Create event markers

Often events outside of what your telemetry data sends can affect the performance of your system. For example, commits and merges to an environment might introduce errors or latency. Or the deployment of a feature flag might cause changes up or downstream. By displaying markers on your dashboards, you can see when an event occurred around the same time as performance changes. Events in a dashboard chart

About event markers

You send events to Cloud Observability using a webhook from the source of the event (like GitHub or a feature flag app). Cloud Observability ingests these events as logs and retains them for 13 months.

Event logs are separate from and treated differently than ingested telemetry logs.

Once the webhook is sending data, you create a query on that data to determine when to display the marker. For example, you might create a webhook for a feature flag app and then create separate queries for the different environments flags are deployed to.
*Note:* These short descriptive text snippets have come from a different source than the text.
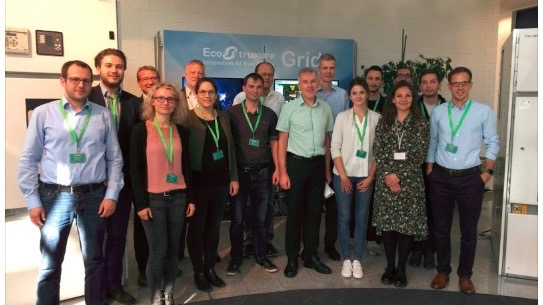 Promovierende zusammen mit Professoren der OTH Regensburg bei ihrem Besuch der Firma Schneider Electric im Oktober 2018.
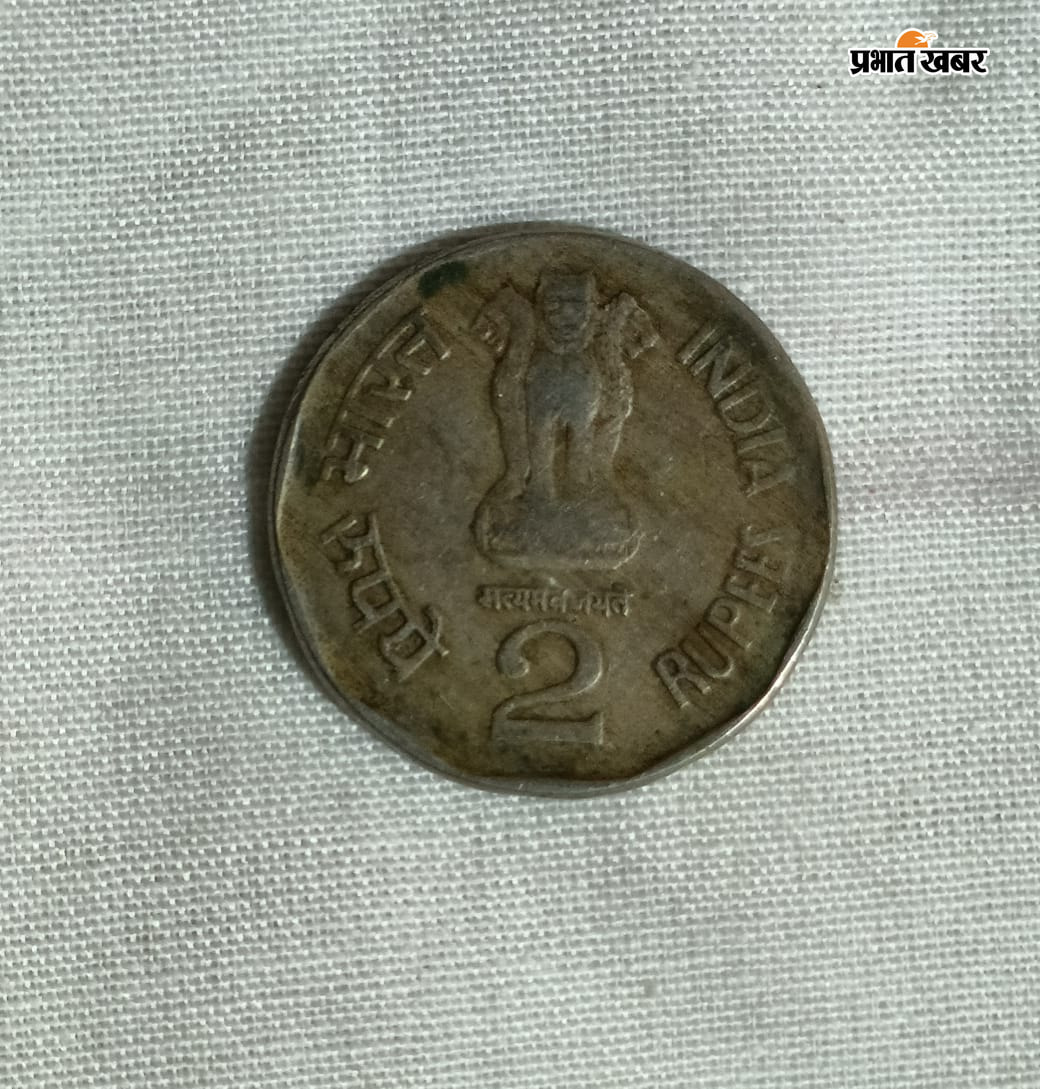 13जी 10- कलाकार सुमन गोप. 13जी 11- भगवान गणेश की बनायी गयी दो सेंटीमीटरमें मिनिएचर पेटिंग13जी 12- सिक्खे में बनायी गयी जमशेदजी टाटा की तस्वीर. 13जी 13-सिक्के को दूसरा भाग 13जी 14-रद्दी कागज और गमछा से बनी मां सरस्वती की कलाकृति. 13जी 15- पेड़ की जड़ से बनाये गये नीरज जोपड़ा की कलाकृति | Prabhat Khabar Network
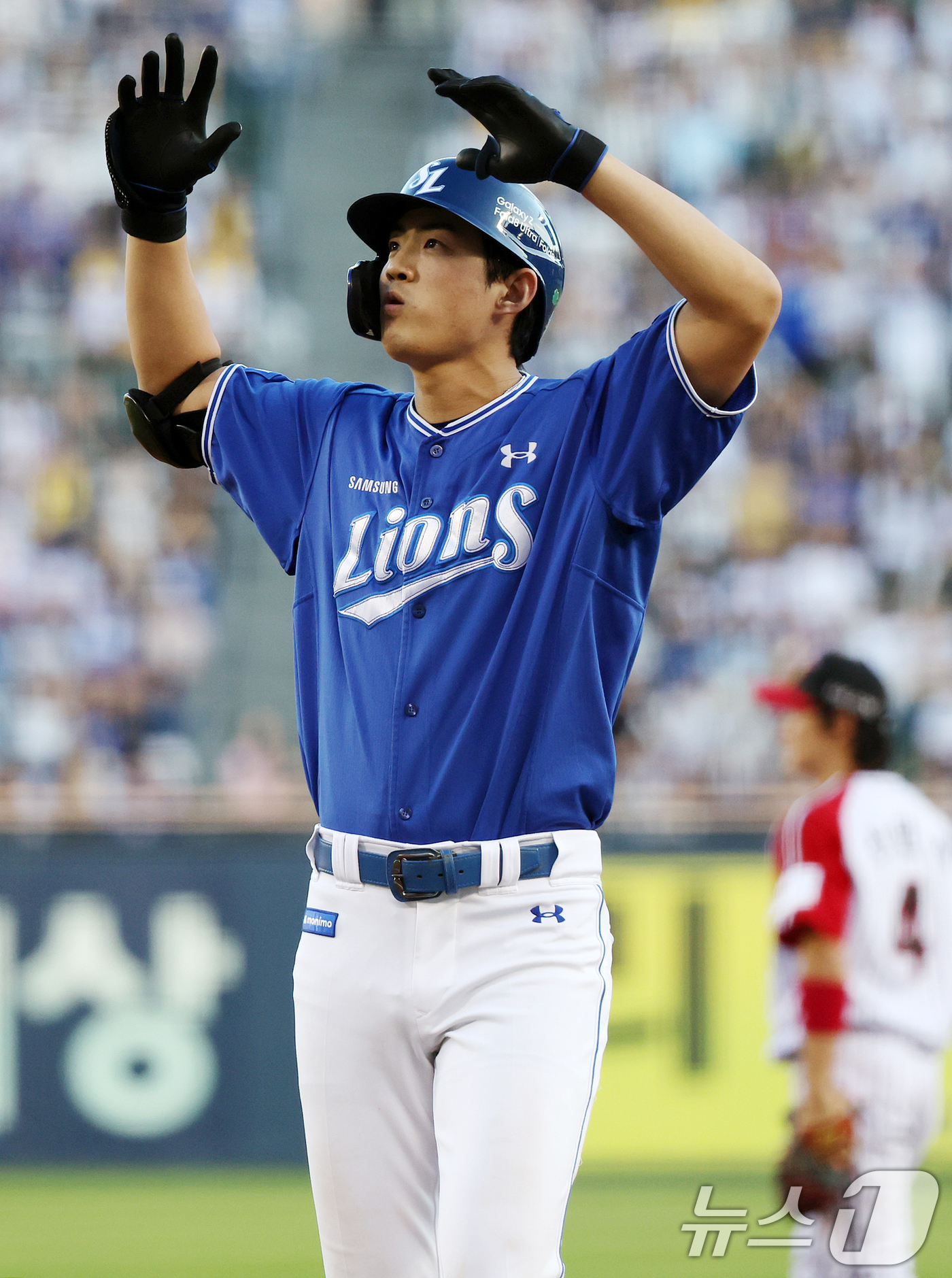 (서울=뉴스1) 김진환 기자 = 6일 오후 서울 송파구 잠실야구장에서 열린 프로야구 '2026 신한은행 SOL KBO리그' 삼성 라이온즈와 LG 트윈스의 경기, 삼성 구자욱이 5회 …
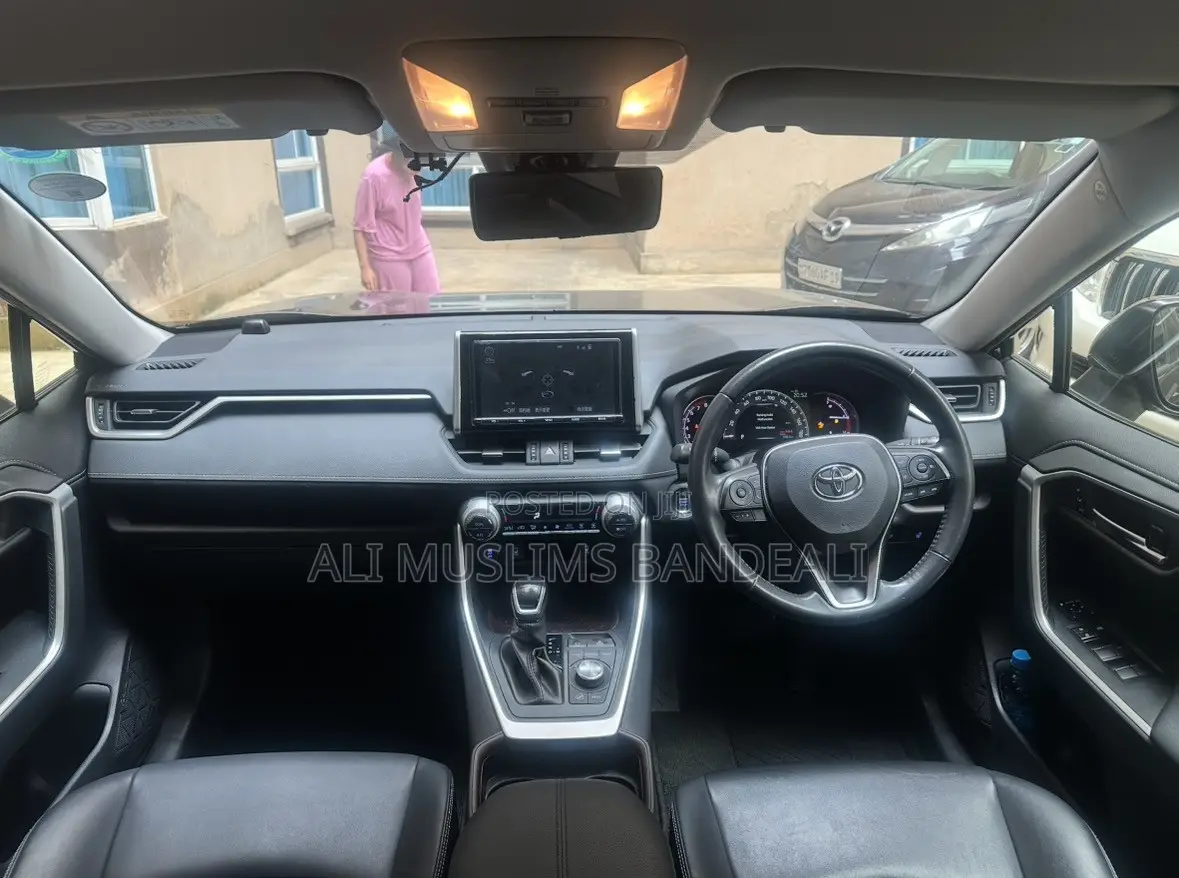 Toyota RAV4 LE AWD 2019 Black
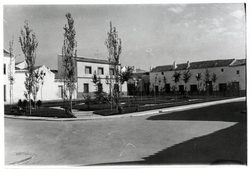 Villanueva de Bogas. Plaza Primo de Rivera. 1972 (P-1504)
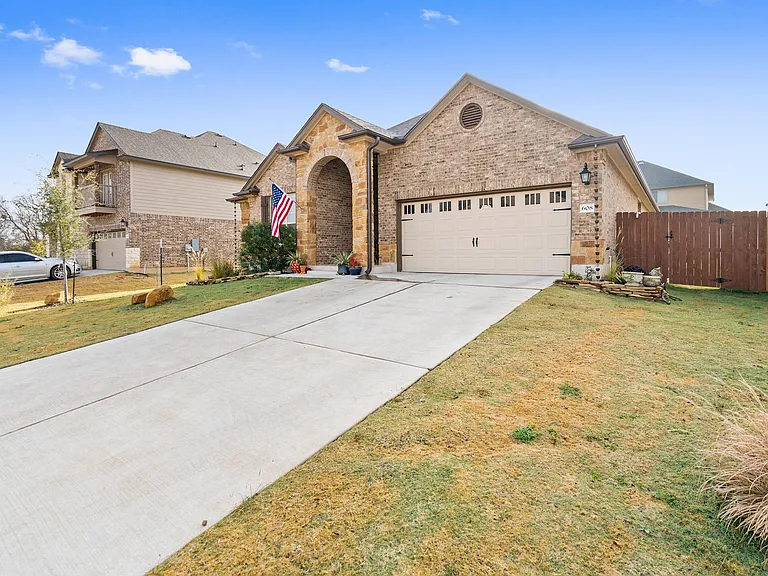 608 Lister Dr — Photo 3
Or, you might want to base the event marker on specific values returned by the data.

Cloud Observability provides a pre-configured webhook and query for GitHub and you can also create your own custom webhook and query.

If you’re sending telemetry logs to Cloud Observability, you can query those to create events. However, these logs are retained only for the length of your hot storage retention period (default is 3 days). When you use logs for events, you don’t need to create a source.

About event webhooks

You can use most third-party webhooks or you can create a custom webhook. All languages are supported, and the content has no enforced schema.

When creating an event webhook, note the following:

  • Use POST to send the request
  • Format the payload as JSON
  • Don’t include any sensitive data in the payload
  • Ensure the third-party can send requests to our inbound IP addresses

Use the pre-built GitHub event marker

When you use the pre-built webhook for GitHub, two queries are created for you. One is for commits to your main branch and the other is for commits to any other branch you choose.

Steps to add an event source

  1. From the Settings page, select:
    1. Events and sources
    2. Then click the Sources tab
    3. Then click Add source
  2. Enter a name for the source and choose GitHub for the type.

    The Webhook ingest URL provides the ingest URL, including the access token. Copy that to use in the GitHub webhook creation. Visit the GitHub documentation to learn how to create the webhook using the ingest URL.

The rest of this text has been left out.